Ukrainian pet food manufacturer expands European footprint
Ukrainian company Kormotech has established a significant production and distribution network within the European Union, with Lithuania representing a particular success. The firm controls approximately 10% of the Lithuanian market through a owned factory, providing local employment, tax revenue, and a manufacturing base inside the EU. The company’s European growth strategy now targets Romania and Bulgaria as the next expansion frontiers, recognising high growth potential in these markets. Kormotech is prepared to invest for five to eight years without expecting immediate returns, indicating a long-term commitment to the region. The broader Baltic direction remains a priority, ensuring a stable production-distribution model rather than sporadic imports. By 2029, the company aims for €500 million in total revenue, with €300 million expected to come from its European operations.
Medicine shortages plague Russian-occupied Ukrainian region
Residents in the temporarily occupied part of Zaporizhzhia region are facing a critical deficit of vital medicines, forcing reliance on a costly black market. In Melitopol, doctors are prescribing drugs that are not supplied to occupied Ukrainian territories or are absent from Russian registries, due to severed supply chains from Kyiv-controlled areas. The resulting illicit trade offers antibiotics, insulin, and anti-cancer medications at prices five to ten times higher than pre-war levels, placing life-saving treatment out of reach for most. The Russian occupation administration has largely ignored the crisis, leaving patients to search for drugs via private social media advertisements, risking counterfeit or expired products. Many Western pharmaceutical manufacturers halted shipments to Russia due to sanctions, exacerbating the scarcity of specific treatments.

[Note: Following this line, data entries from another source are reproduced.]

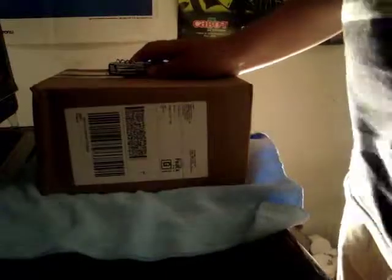Hey guys, this is an unboxing from iPeople and this can be purchased at iPeople.com. Link in the description. So let's get this unboxed.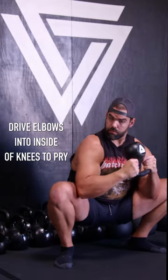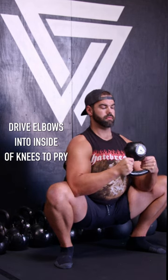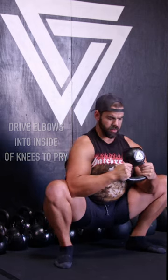Once again, splay those toes down, rooting them down, pulling yourself down to the squat. Drive the elbows on the inside of the knees to better pry them open with the hip sockets, then you can lean left to right, mobilizing your ankles left to right as well, and then add in some curls to better get more extension in your spine.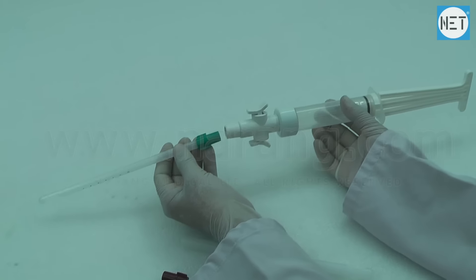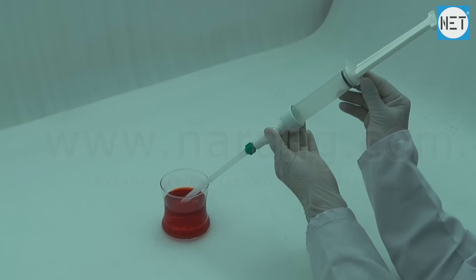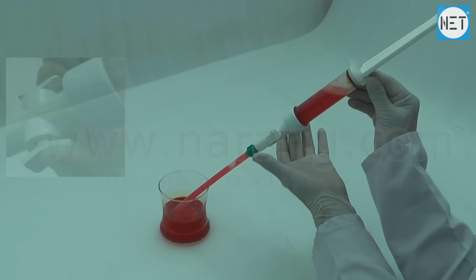This instrument can generate vacuum pressure identical to an electric suction generator until the aspirator is almost full. The Net aspirator is reusable.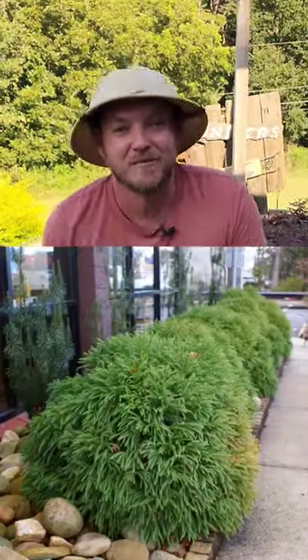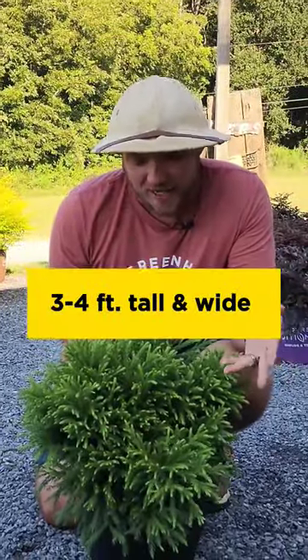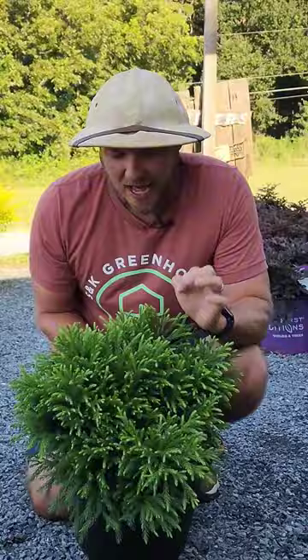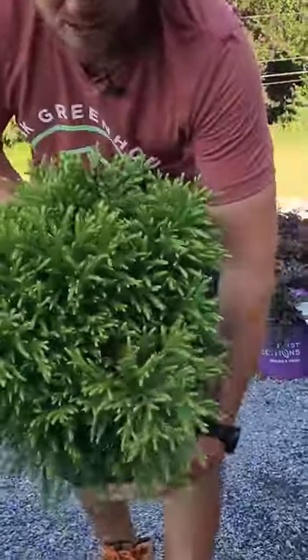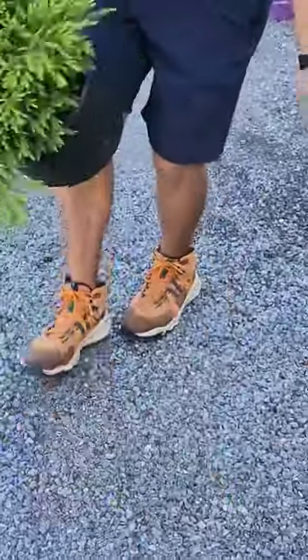This is a very slow growing evergreen. It's going to eventually reach three foot tall, three foot wide, but this has some of the best texture of any shrub I think I've ever seen. Let me go ahead and show this to you — it's very frilly, soft, grows in a nice globe shape.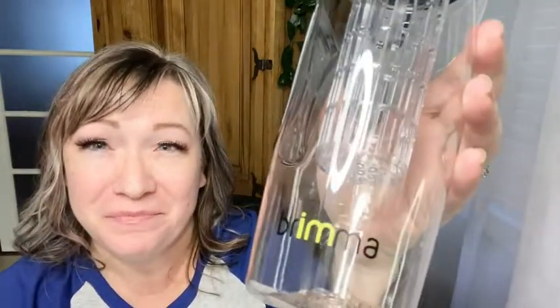Hi there, Melody from WTI here to talk to you about something you all have in your kitchen cupboards already, no doubt. But here's another one I'd like to talk to you about, and that is this water bottle. This one is from Bruma, and I'd like to tell you why it's a little bit different than the one you probably got stashed away in your cupboard. First of all, this one holds 32 ounces of water.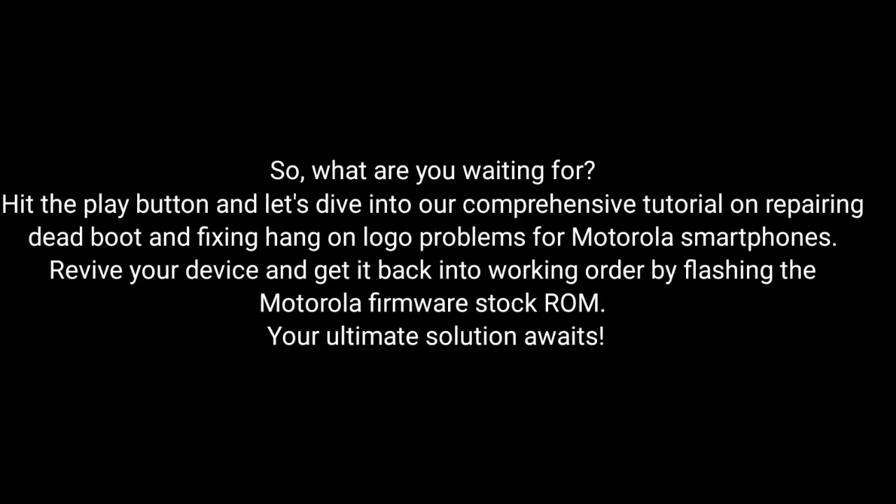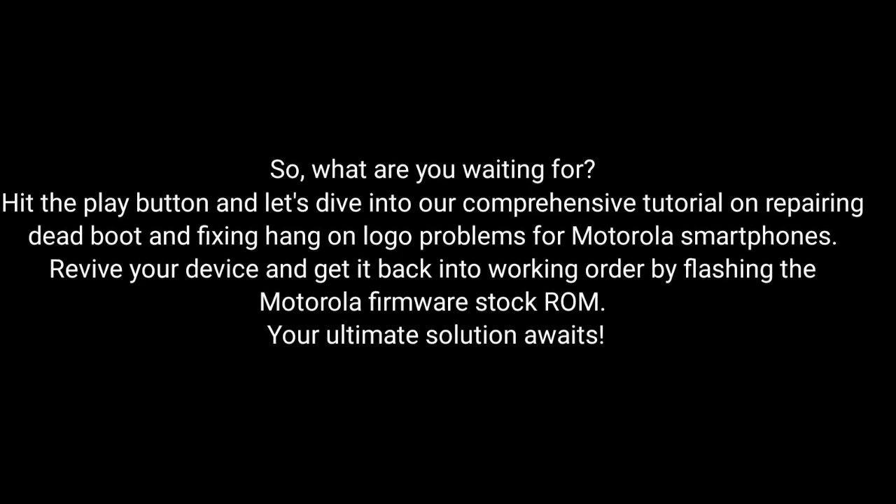So, what are you waiting for? Hit the play button and dive into our comprehensive tutorial on repairing dead boot and fixing hang-on logo problems for Motorola smartphones. Revive your device and get it back into working order by flashing the Motorola Firmware Stock ROM. Our ultimate solution awaits — let's do this.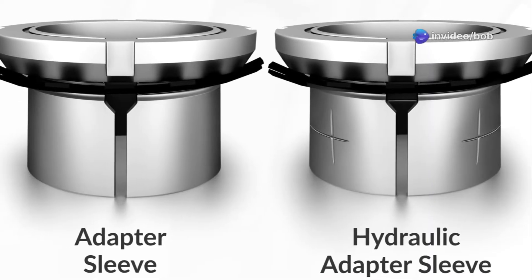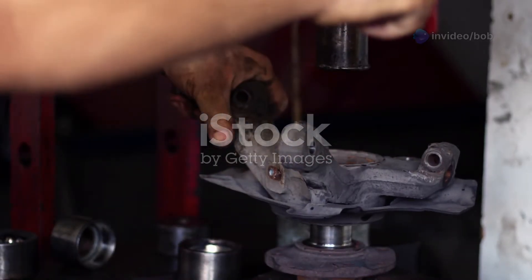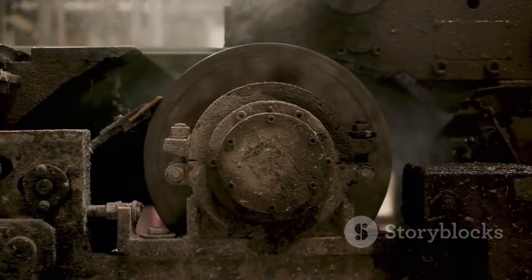This is why you need adapter sleeves to boost your bearing life. Adapter sleeves are the unsung heroes of the engineering world. They give your bearings the perfect fit and extend their lifespan.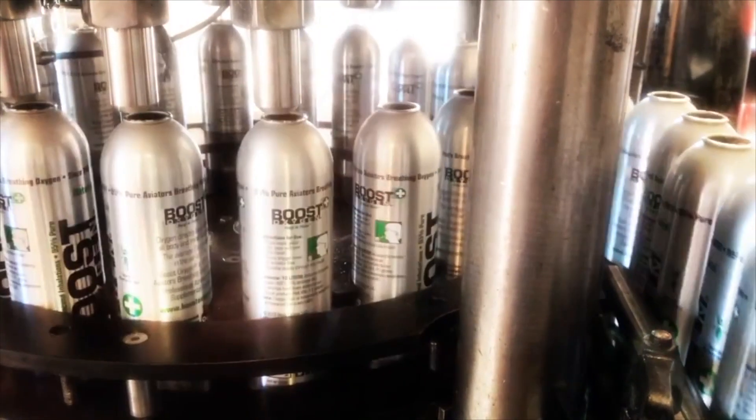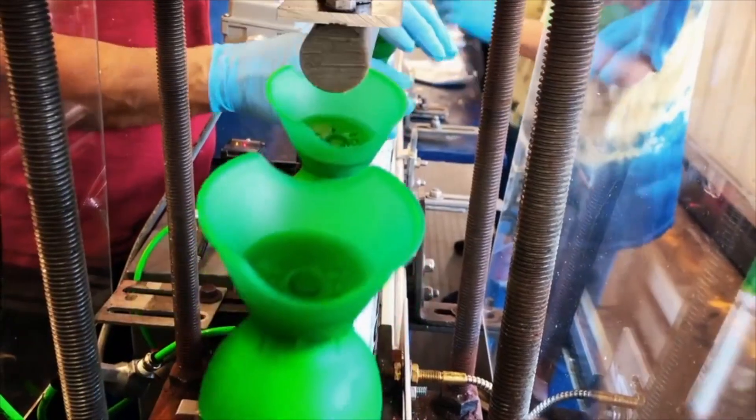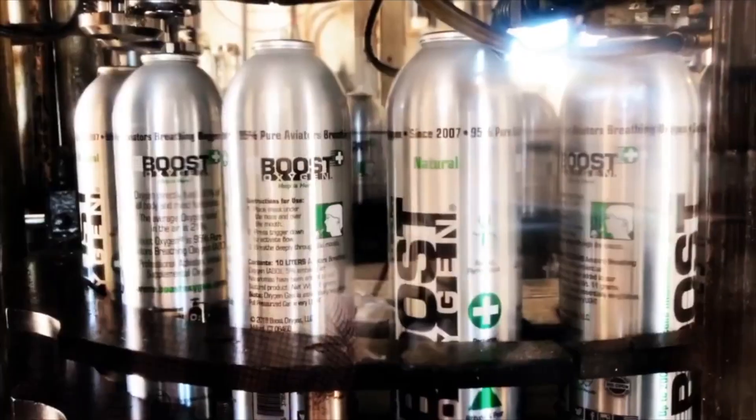Every Boost Oxygen canister is proudly filled in the United States, utilizing stringent quality control standards. Each mask is hermetically sealed to keep it free from all contaminants.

Russian railway monopoly faces precipitous profit drop
Russian Railways (RZhD) has reported a staggering decline in net profit, highlighting severe pressure on the state-owned transport monopoly amid Russia’s economic stagnation. Financial statements show profit fell to 2.3 billion roubles in 2025, down from 50.7 billion roubles the previous year—a twenty-two-fold decrease. Soaring debt servicing costs due to high central bank interest rates, significant increases in electricity and fuel prices, mandatory wage indexation, and idled freight cars due to reduced transport intensity are cited as primary causes. Sanctions have also limited access to Western technology and spare parts, increasing repair costs and logistics complexity while reducing operational efficiency. The company is attempting to reorient freight flows towards Asia following a sharp reduction in European traffic, but existing infrastructure is reportedly overloaded and unprepared for the intensified volumes to China and India.
Kyrgyz language promotion draws Russian diplomatic complaint
The Russian embassy in Bishkek has expressed formal objections to the Kyrgyz government’s policy of expanding the use of the national language in state institutions and public life. Moscow’s diplomatic mission characterised the legislative initiatives, which require civil servants to be proficient in the state language, as artificially marginalising the Russian language. The embassy’s statement claimed the measures constitute pressure on Russian-speaking residents and a departure from Kyrgyzstan’s strategic partnership with Russia. Russian officials asserted that the Kyrgyz language is a symbol of statehood, but argued that Bishkek is deliberately imposing it by forcing state employees to abandon Russian, which holds official status under the Kyrgyz constitution. They maintain Russian remains a universal means of communication across the post-Soviet space, expressing displeasure at efforts to displace it from education, healthcare, business, and media spheres.